Similarly, a report by David Klingberg, the CEO of David Lock Associates, also describes improved rail capacity as critical to the development of the aerotropolis model.

Mr Klingberg points out that the lack of a rail connection to the Western Sydney Airport would make it difficult for people to move between it and the Sydney CBD and the existing Kingsford Smith airport.

Mr Klingberg’s advice is simple: “It needs to be done once – and done properly’’.

Building a Western Sydney Airport that is ready for connection to rail some time far off into the future will limit the success of this important project.

It will limit job creation.

Western Sydney needs a world-class airport – not a second-rate facility that fails to realise its potential because governments lacked the vision to invest in the infrastructure required to support its growth.


While there is substantial road construction taking place associated with the Airport, there is a need to plan for future economic growth.
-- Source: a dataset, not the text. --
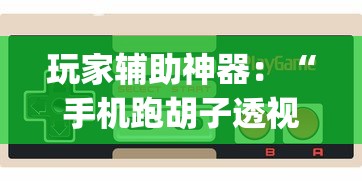 玩家辅助神器：“手机跑胡子透视”(最新透视辅助上线)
The construction of the M9 or outer ring road has been identified by planners as necessary infrastructure for Western Sydney.

It would connect the region directly with the Central Coast and Illawarra and allow for productivity benefits by being located outside the existing M7 motorway.

Infrastructure Australia identified its importance as a national project.

The planning and pre-construction work should be progressed in the 2017 Budget.


Thanks to the vision of the Hawke Labor Government in securing the Badgerys Creek site in 1986 and limiting surrounding development, the airport will be located well away from residential development.

However, aircraft still make noise.

It is important we engage very closely with surrounding communities to develop a world-class noise mitigation plan, including the creation of a night time no-fly zone.

Last year, Bill Shorten and I announced Labor’s plan for a no-fly zone between 11pm and 6am.

It will be possible to ensure simultaneous operations for take offs and landings to the south-west of the runway, stopping flights over residential communities at night.

I’m pleased to say the Government, after initially rejecting this idea, has embraced it.

That’s another example of bi-partisanship in the public interest. This project is simply too important to be compromised by political posturing.

We can also reduce noise through innovative design.

In 2003 sound engineers at Amsterdam’s Schiphol Airport noticed a significant reduction in aircraft noise each autumn, when farmers began ploughing their fields.

Convinced the furrows were absorbing noise, the airport hired a landscaper to replicate the effect all year round by digging 150 symmetrical furrows in a nearby 32ha site green belt known as the Buitenschot Land Park.

It looks not unlike the design of a radio or recording studio.

Since the park opened a few years ago, aircraft noise has dropped by half, with noise hitting the furrows and then being bounced toward the sky.

And in a double pay-off for the community, the park has become a popular recreational area, featuring bikeways and walking tracks.

That’s the kind of thinking we need at Badgerys Creek.

We are working with a Greenfields site here. There will be no excuse not to embrace world-class design principles.

Equally, the process of consulting the local community must also be world-class.


Let me leave you today by pointing out a significant challenge related to the airport that needs to be addressed sooner rather than later.

Aircraft need aviation fuel. A Boeing 747, for example, requires 12 litres of fuel per kilometer travelled.

There are only two possible ways to get aviation fuel to Western Sydney.

One is by using trucks, which will add to traffic congestion. The other is by building a pipeline.

This is a serious issue and it needs to be confronted now, in consultation with the community.


There’s an old saying that if you fail to prepare, you are preparing to fail.

It reminds me of a concept put forward by the US time management expert Alan Lakein, who once wrote:
Planning is bringing the future into the present so that you can do something about it now.

In 2017, we owe it to future Australians get the planning right for the Western Sydney Airport.

We have bipartisanship.

We have the vision.

What we need now is the resolve to turn that vision into reality.